---- Given information

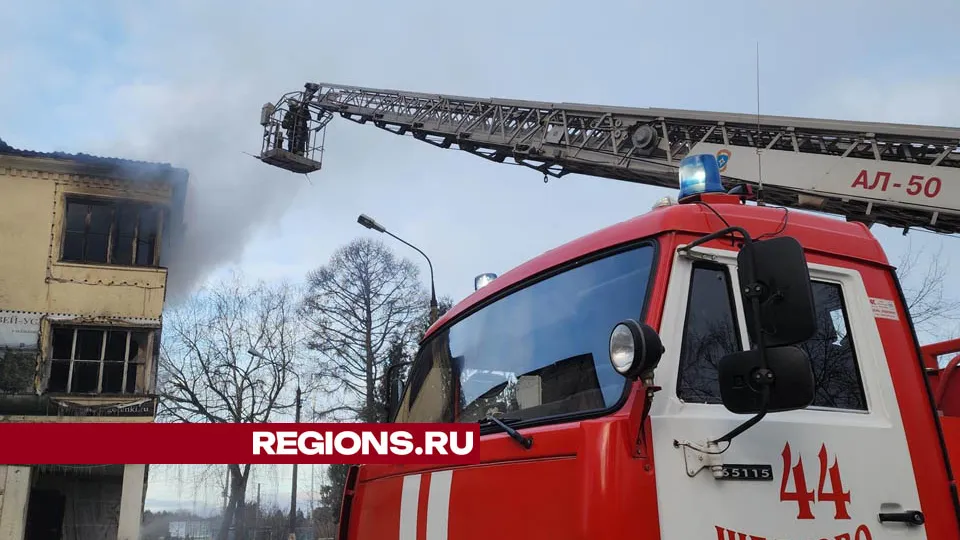 Фото: Валерия Тингаева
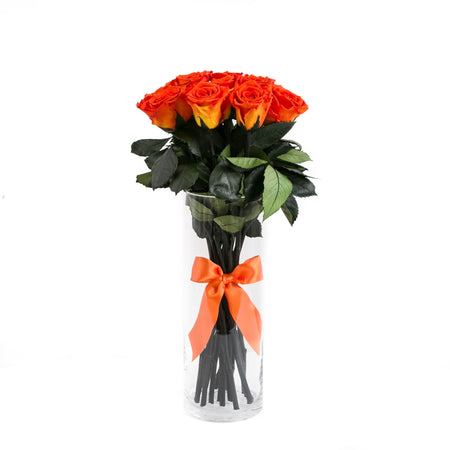Long Stem Roses | Orange Roses - The Million Roses
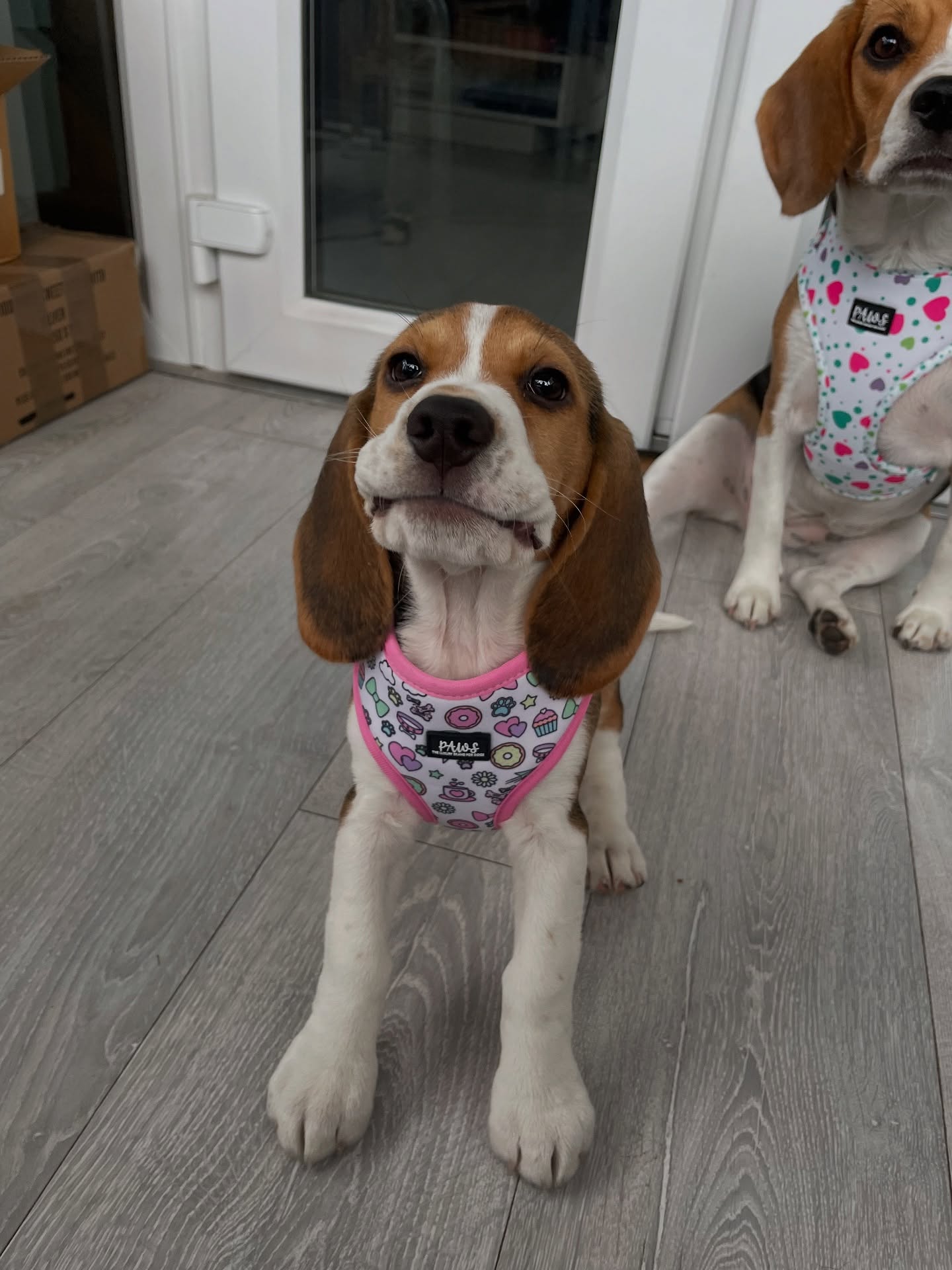 Two Beagle Dogs Wearing Patterned Harnesses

--------

* **Task item**
Reproduce the listing word for word, but keep the pictures out of it.

* **Task answer**
 Фото: Валерия Тингаева
Long Stem Roses | Orange Roses - The Million Roses
 Two Beagle Dogs Wearing Patterned Harnesses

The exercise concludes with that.